Co-defendant Natalie Jane Bracken, 31, was found guilty of being an accessory after the fact to wounding Hunt with intent to cause grievous bodily harm. She started the trial charged with accessory after the fact to murder, but her lawyers successfully argued to the judge that Hunt hadn't been officially declared dead yet when she drove Epiha from the scene.
Natalie Jane Bracken. Photo / Brett Phibbs
"Love you, Eli" a supporter yelled out as he was led out of the courtroom.
Justice Geoffrey Venning is set to sentence Epiha for both crimes — as well as for his guilty plea to dangerous driving resulting in the injury of a bystander that same morning — on October 1. Epiha indicated before his trial began that'll he'll argue at sentencing that Hunt's murder was the result of recklessness rather than murderous intent. But the jury's guilty verdict means it's been proven he had murderous intent when shooting at Goldfinch, who was hit by four bullets but survived.
Constable Hunt was the 33rd New Zealand police officer to be killed in the line of duty when Epiha shot him four times with a military-style semi-automatic rifle in Massey on 19 June 2020.

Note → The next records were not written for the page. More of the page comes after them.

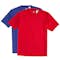 A4 Youth Promotional Performance Shirt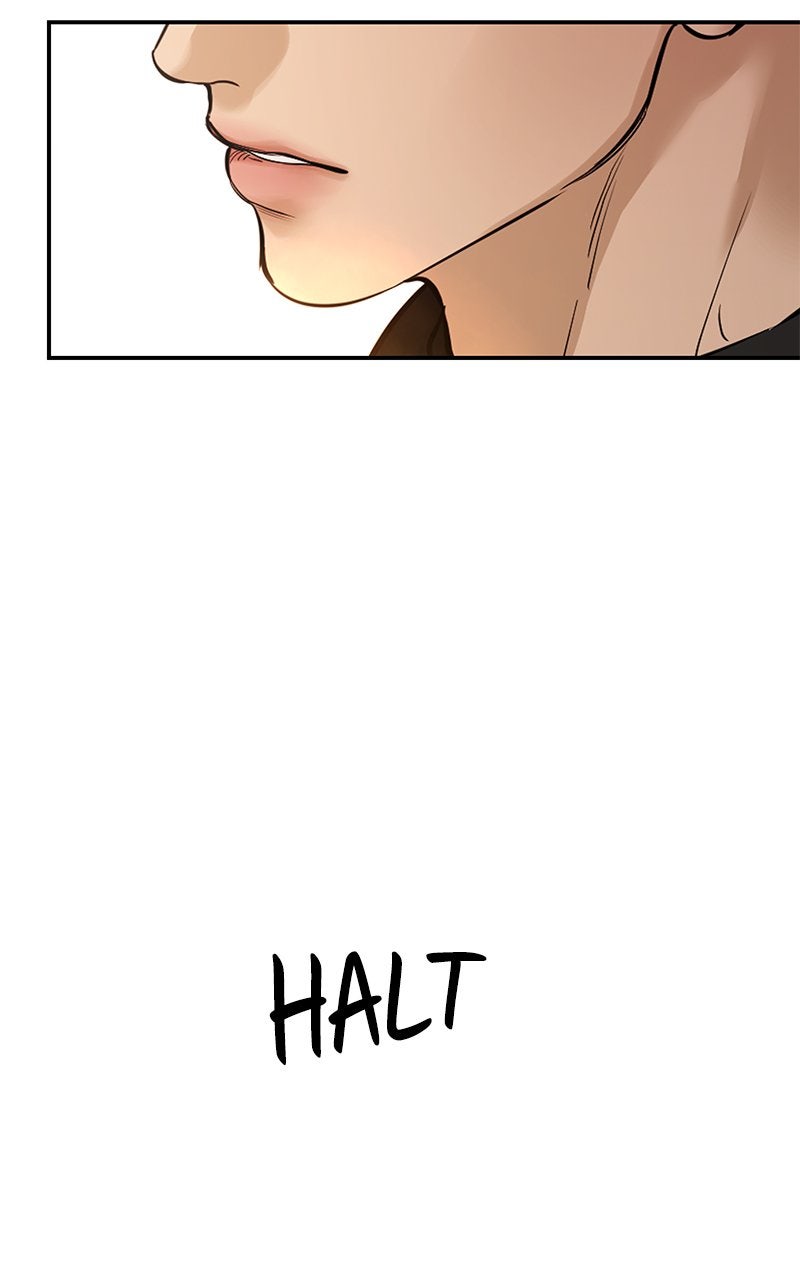 A Not So Fairy Tale Episode 127 page 73 - 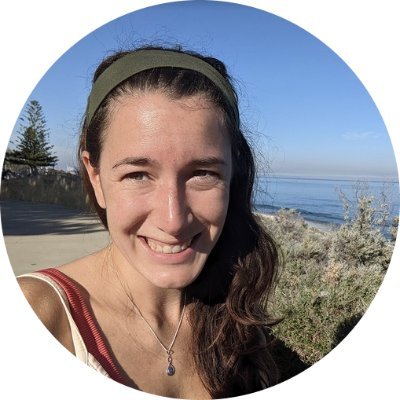 Statistician by chance. Data Scientists at @massDynamicsCo | @WEHI_research alumni | organiser of @RLadiesMelb | Love #rstats | #python for necessity (she/her)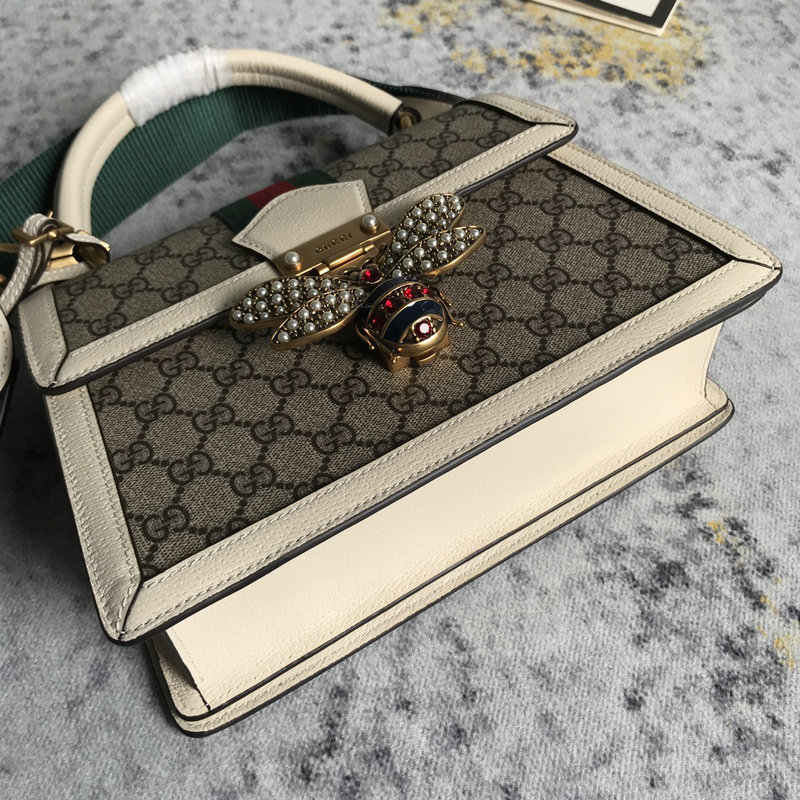 FASH Gucci Bag 2201DJ0033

Constable Matthew Hunt. Photo / Supplied
Epiha, who testified on his own behalf during the trial, claimed he had just received the gun that morning and was en route to his brother's house to scare off gang members when the police officers decided to pull him over.
Driving fast through residential Reynella Drive in an attempt to evade the officers, he ended up swerving to miss hitting a rubbish truck and instead crashed into a parked car, injuring the bystander who was loading his vehicle ahead of a weekend trip to Rotorua.
Witnesses have given slightly varying accounts of the mayhem that followed, but it was uncontested that Epiha is the one who fired 14 shots that day — hitting each officer four times. Constable Goldfinch told jurors he tried to reason with the gunman that day.
Constable David Goldfinch. Photo / TVNZ (pool)
"I put up my hands again and went, 'Just f***ing stop. Just f***ing walk away. I won't arrest you,'" he testified. "I saw him almost contemplating what I said to him. After a few seconds, he just like made a decision: 'I'm going to kill you.'"
Bracken declined to testify during the trial, but in an interview with police on the day of her arrest that was played for jurors, she said she was afraid she would be shot next. When she first ran outside she tried to help the injured bystander, others testified.
Driving Epiha away from the neighbourhood, she told police, was also her way of trying to help.
Both defendants said they did not know each other prior to that day.